[EXCERPTED DATA]:
<<<<

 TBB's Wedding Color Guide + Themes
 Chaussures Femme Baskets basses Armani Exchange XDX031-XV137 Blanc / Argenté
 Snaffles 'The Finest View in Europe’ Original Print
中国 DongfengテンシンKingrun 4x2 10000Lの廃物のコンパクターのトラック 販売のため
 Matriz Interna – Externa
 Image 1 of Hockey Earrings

>>>>
<<<<

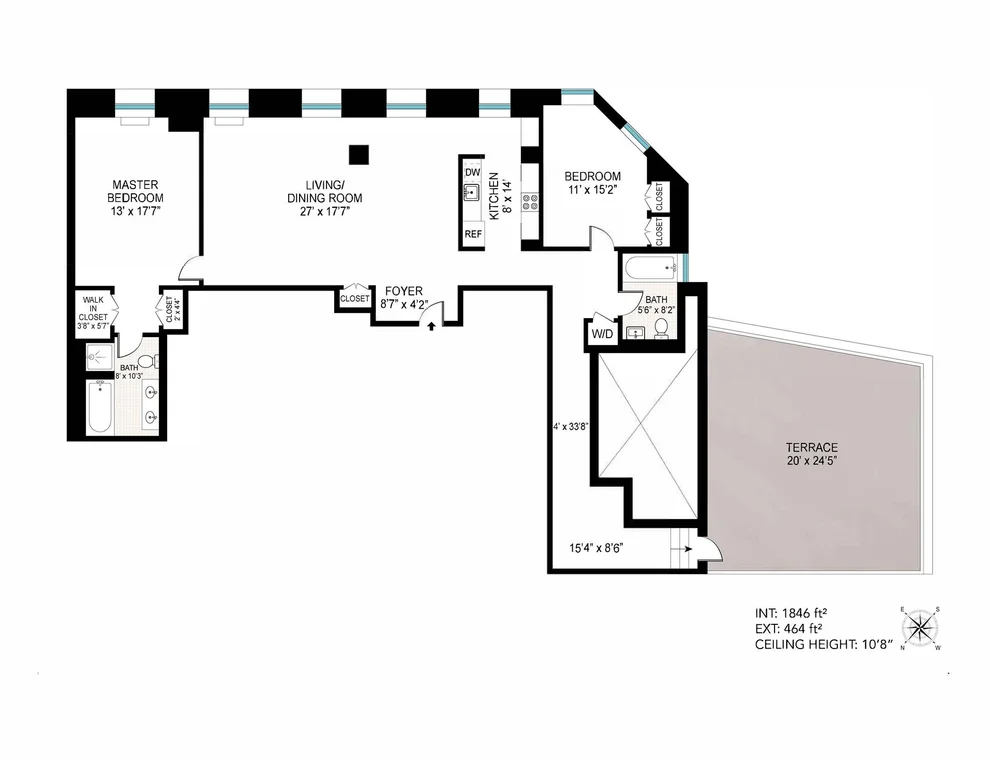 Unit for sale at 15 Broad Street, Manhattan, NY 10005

>>>>

[YOUR OBJECTIVE]: From the records above, reproduce exactly the lines from the one with "中国 DongfengテンシンKingrun 4x2" to the one with "Image 1 of Hockey Earrings", both included, and no others.

[SOLUTION BELOW]:
中国 DongfengテンシンKingrun 4x2 10000Lの廃物のコンパクターのトラック 販売のため
 Matriz Interna – Externa
 Image 1 of Hockey Earrings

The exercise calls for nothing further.